■ **Exercise directions**
Beginning with the line that contains "Sau khi sống" and ending with the line that contains "reverse logistics", reproduce the lines of the entries below exactly, omitting pictures.

■ **The data**
'''
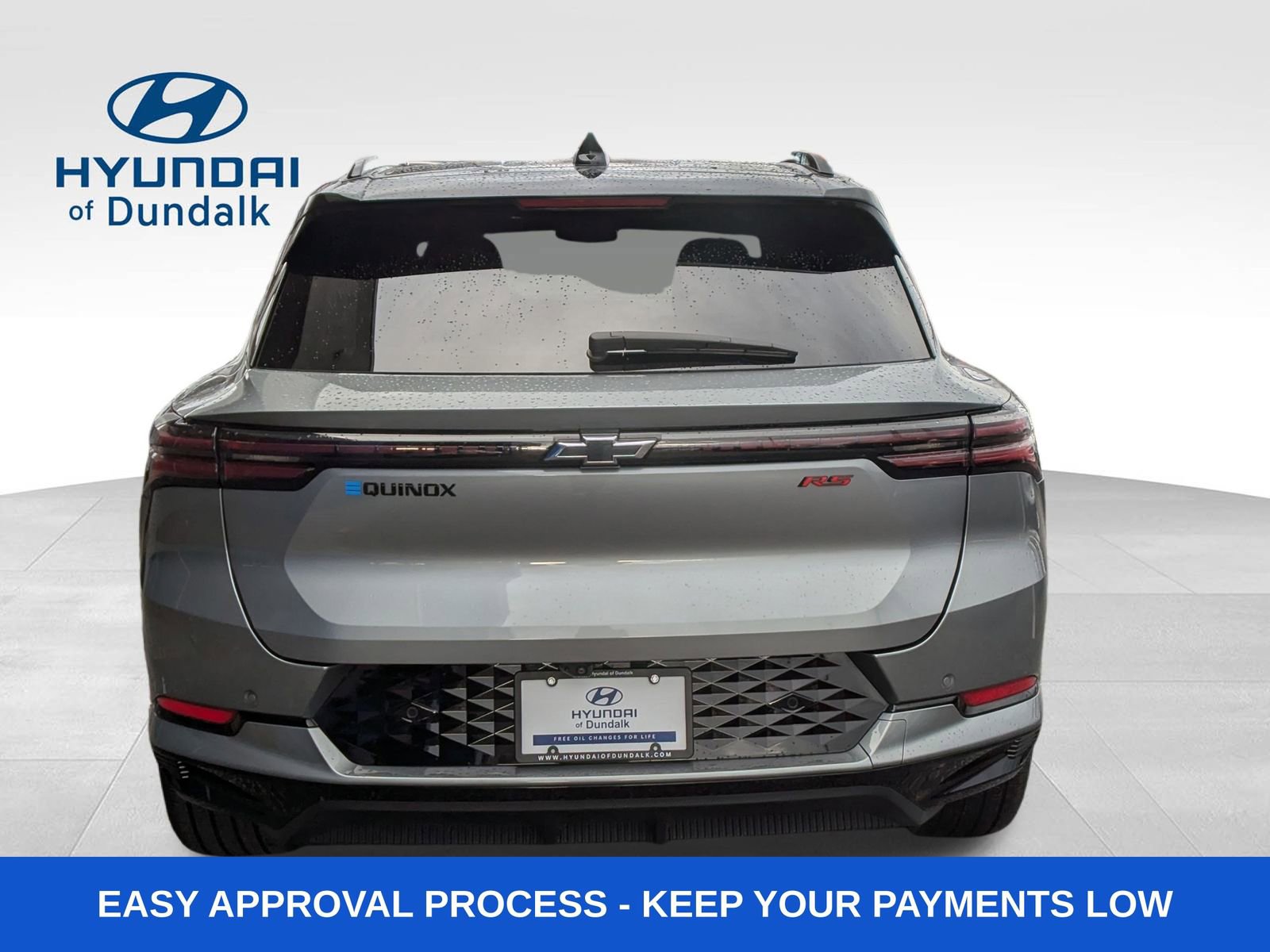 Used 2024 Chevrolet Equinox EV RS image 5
'''
'''
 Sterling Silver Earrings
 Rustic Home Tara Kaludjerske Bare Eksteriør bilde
'''
'''
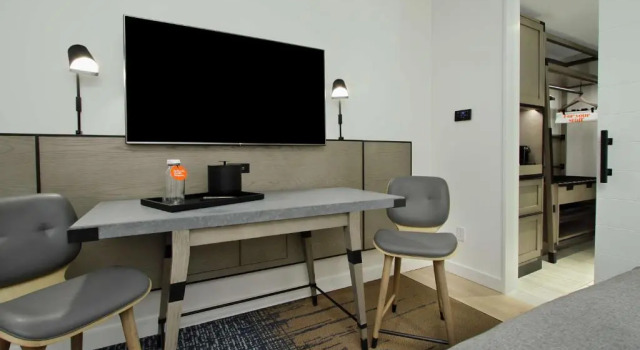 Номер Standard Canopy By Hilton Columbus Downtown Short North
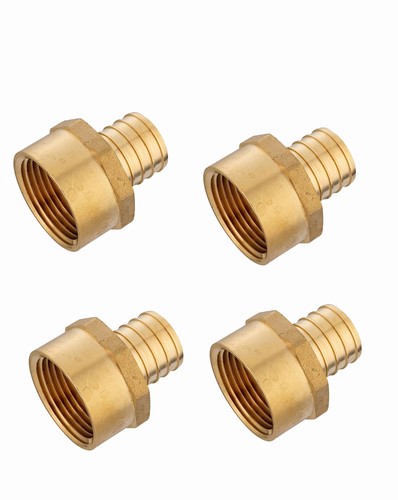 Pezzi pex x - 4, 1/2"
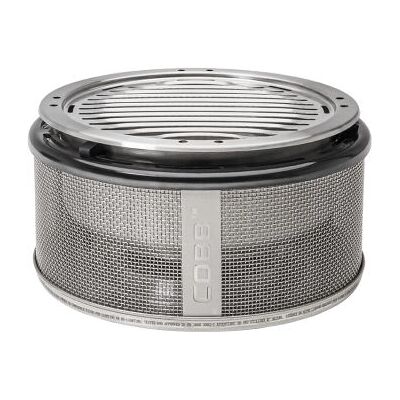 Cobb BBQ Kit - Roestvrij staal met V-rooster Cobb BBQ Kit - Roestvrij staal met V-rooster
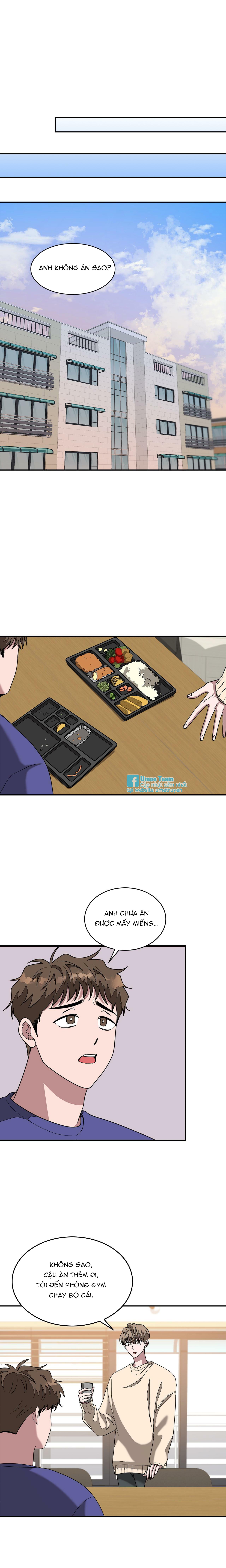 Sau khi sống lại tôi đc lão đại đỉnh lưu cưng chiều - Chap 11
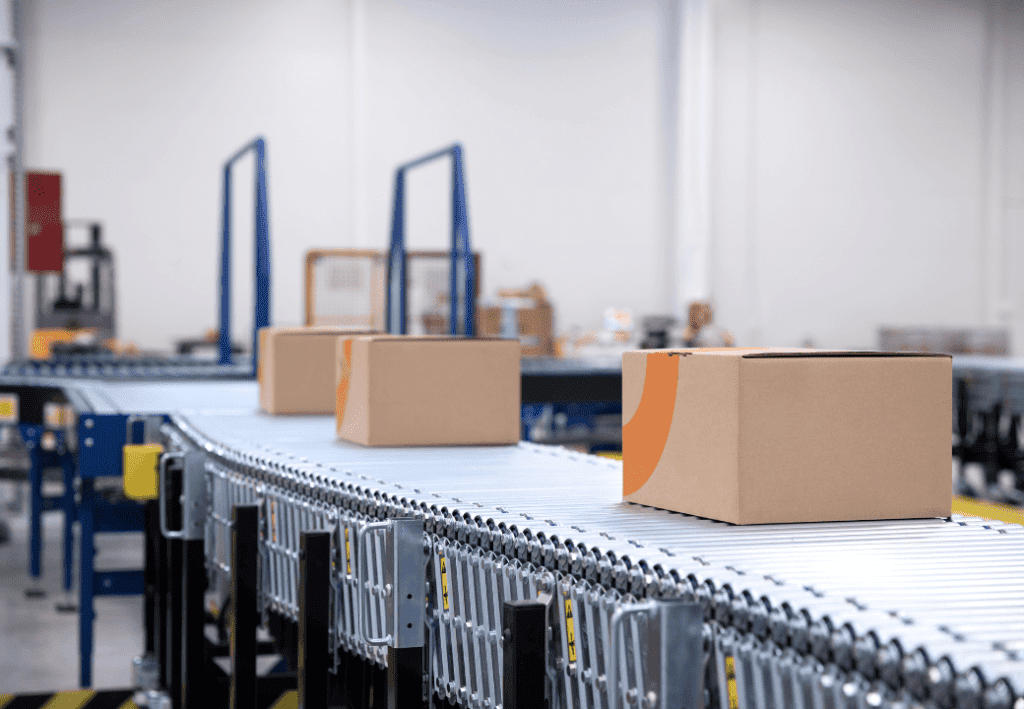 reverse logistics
'''
■ **Problem solution**
 Sau khi sống lại tôi đc lão đại đỉnh lưu cưng chiều - Chap 11
 reverse logistics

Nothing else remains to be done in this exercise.